С тех пор как появилась эта статья («Yorwärts», 9 февраля 1877 г.), Кекуле («Die Wissensch. Ziele u. Leistungen der Chemie») дал совершенно аналогичное определение механики, физики и химии: «Если положить в основу это представление о сущности материи, то химию можно будет определить как науку об атомах, а физику как науку о молекулах; в таком случае является мысль выделить ту часть современной физики, которая занимается массами, в особую дисциплину, оставив для нее название механики». Таким образом, механика оказывается основой физики и химии, поскольку та и другая, при известной оценке и количественном учете своих молекул или атомов, должны рассматривать их как массы. Эта концепция отличается, как мы видим, от той, которая дана в тексте и в предыдущем примечании, только своей несколько меньшей определенностью.
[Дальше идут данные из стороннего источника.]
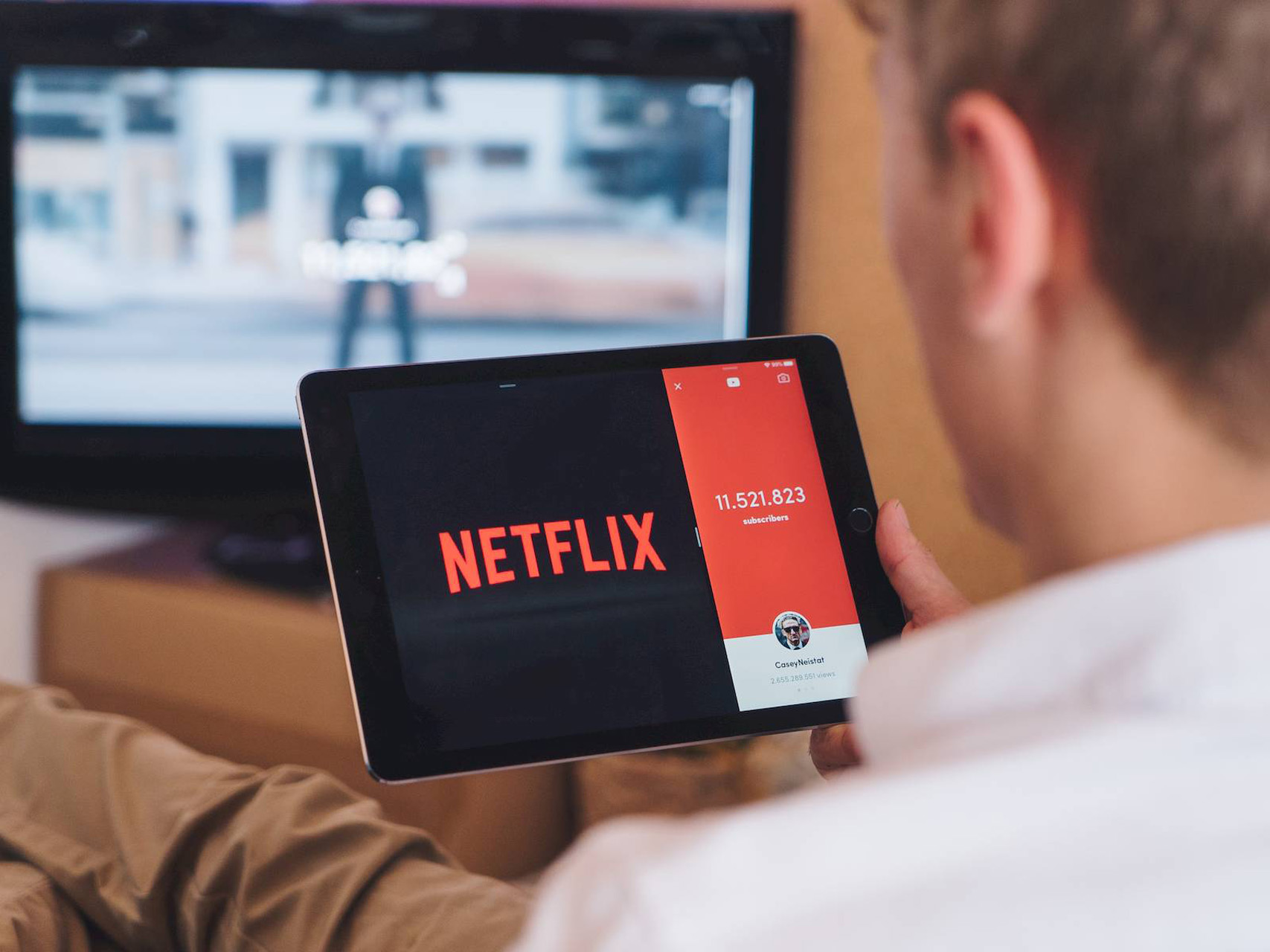 Netflix’ten kullanıcılara müjde! Netflix Games oyunseverlerle buluşuyor: Ekstra ücret ödemek gerekmiyor
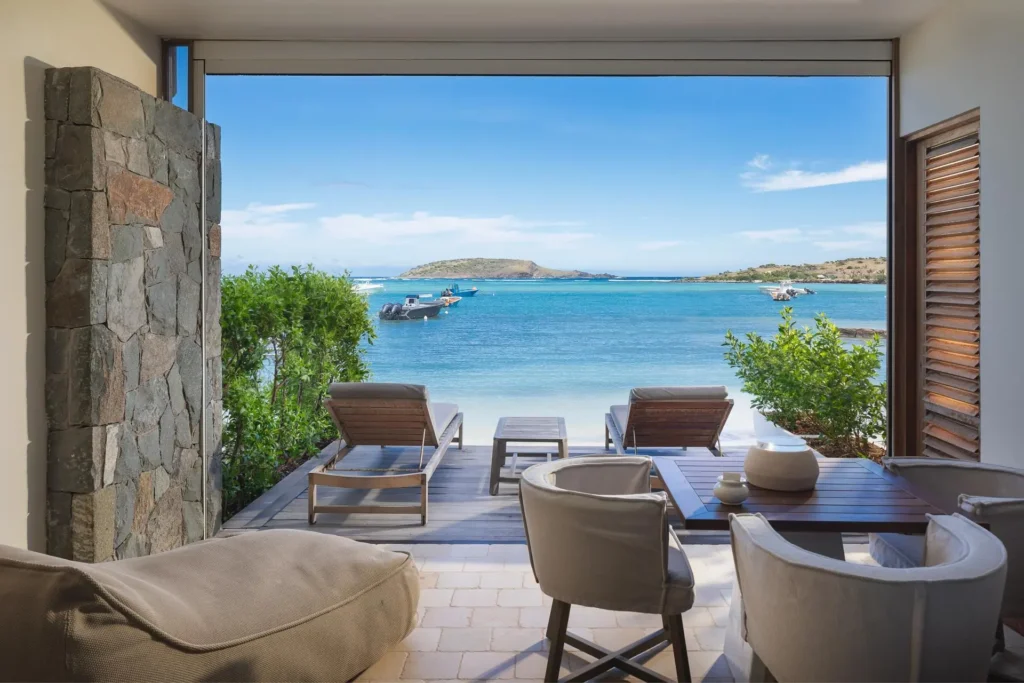 Le Barthélemy Hotel & Spa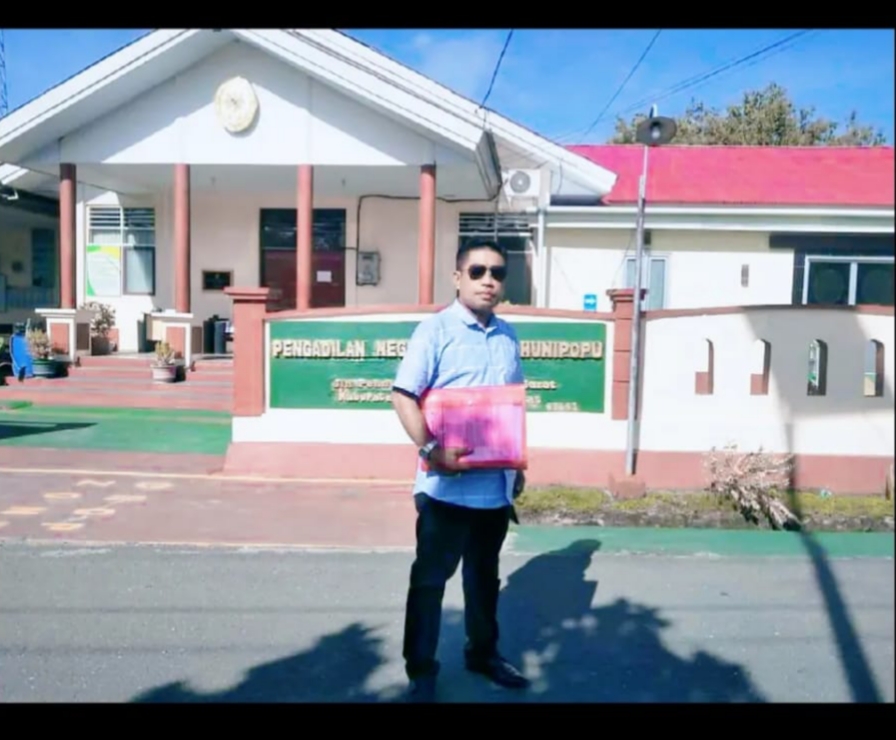 Raja Piru Hak Keluarkan SKT? Ahli Waris; Ibarat Tipu Pemerintah SBB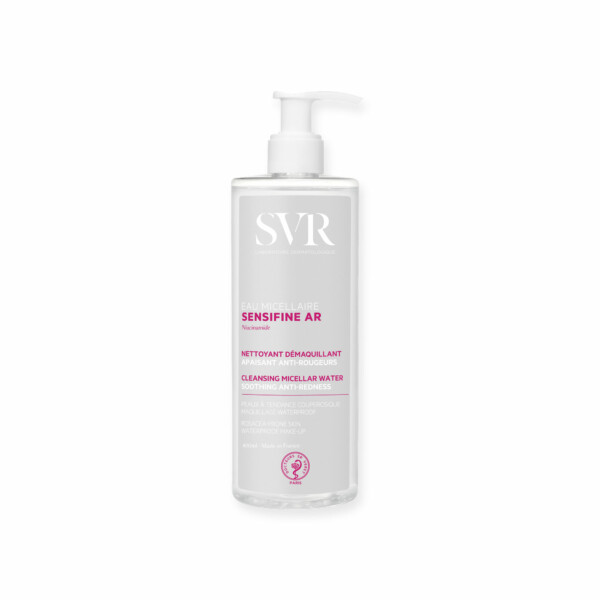 SVR Sensifine AR Eau Micellaire 400 ml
Но если один английский журнал («Nature») придал вышеприведенной мысли Кекуле такой вид, что механика, — это статика и динамика масс, физика — статика и динамика молекул, химия — статика и динамика атомов, то по моему мнению, такое безусловное сведение даже химических процессов к чисто механическим сужает неподобающим образом поле химии. И однако оно стало столь модным, что, например, у Геккеля слова «механический» и «монистический» постоянно употребляются как равнозначащие и что, по его мнению, «современная физиология... дает в своей области место только физическим, химическим или в широком смысле слова механическим силам» (Perigenesis).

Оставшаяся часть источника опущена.